The Malaysian based company Called Glocom is operated by the Pyongyang branch of a Singapore-based company called Pan Systems, a draft U.N. report says, citing an invoice and other information it obtained.
Glocom is controlled by the Reconnaissance General Bureau, the North Korean intelligence agency tasked with overseas operations and weapons procurement, the report says, citing undisclosed information it obtained.
Glocom is operated by the Pyongyang branch of a Singapore-based company called Pan Systems, the draft U.N. report says, citing an invoice and other information it obtained.
In Singapore, though Pan Systems said the company used to have an office in Pyongyang from 1996 but officially ended relations with North Korea in 2010 and a Singaporean director was no longer in control of any business there, the North Koreans used the company as a front.
Reuters said one of the directors of Pan Systems, a North Korean citizen, frequently traveled to Singapore and Malaysia to meet with Pan Systems representatives, the draft U.N. report says.
The operations are run in the neighbourhood of “Little India”, behind an unmarked door on the second floor of a rundown building, at least on paper.
One of Glocom’s early partners in Malaysia was a prominent member of Malaysia’s ruling United Malays National Organisation (UMNO), who since 2014, has been listed as a director of International Golden Services.
As secretary of the UMNO youth wing’s international affairs bureau, the Umno member fostered political connections in the 1990s with countries, such as Iran, Libya and North Korea.
Glocom’s Little India address once housed a company owned by UMNO Youth, said Reuters.
The Malaysian director said he had been a Glocom business partner “many years back” and said it has been continuously controlled by several North Koreans,
Reuters said it saw documents drafted by the UN on the matter, and found that Glocom advertises over 30 radio systems for “military and paramilitary” organizations on its Malaysian website, glocom.com.my.
The draft U.N. report says the last July, an air shipment of North Korean military communications equipment, sent from China and bound for Eritrea, was intercepted in an unnamed country.
The seized equipment included 45 boxes of battlefield radios and accessories labeled “Glocom”, short for Global Communications Co.

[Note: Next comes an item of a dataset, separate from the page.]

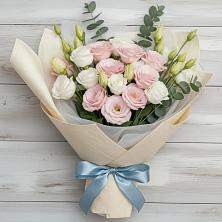 Букет цветов из:  Лизиантусы в Прокопьевске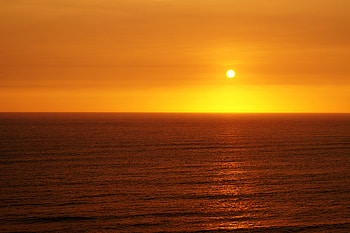 Nature, Water, Sunset, Sun, Waves, Glare HD wallpaper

U.N. resolution 1874, adopted in 2009, expanded the arms embargo against North Korea to include military equipment and all “related materiel”.
Malaysia is one of the few countries in the world which had strong ties with North Korea and their citizens can travel to each other’s countries without visas.
But those ties have begun to sour after North Korean leader Kim Jong Un’s estranged half-brother was murdered at Kuala Lumpur’s international airport on Feb 13.
On one trip in February 2014, the director of Pan Systems and two other North Koreans were detained in Malaysia for attempting to smuggle $450,000 through customs at Kuala Lumpur’s budget airport terminal, two sources with direct knowledge of the situation told Reuters.
The North Korean trio told Malaysian authorities they all worked for Pan Systems and the cash belonged to the North Korean embassy in Kuala Lumpur, according to the two sources.
The Malaysian Attorney General decided not to press charges because of insufficient evidence. A week later, the trio was allowed to travel, and the North Korean embassy claimed the cash.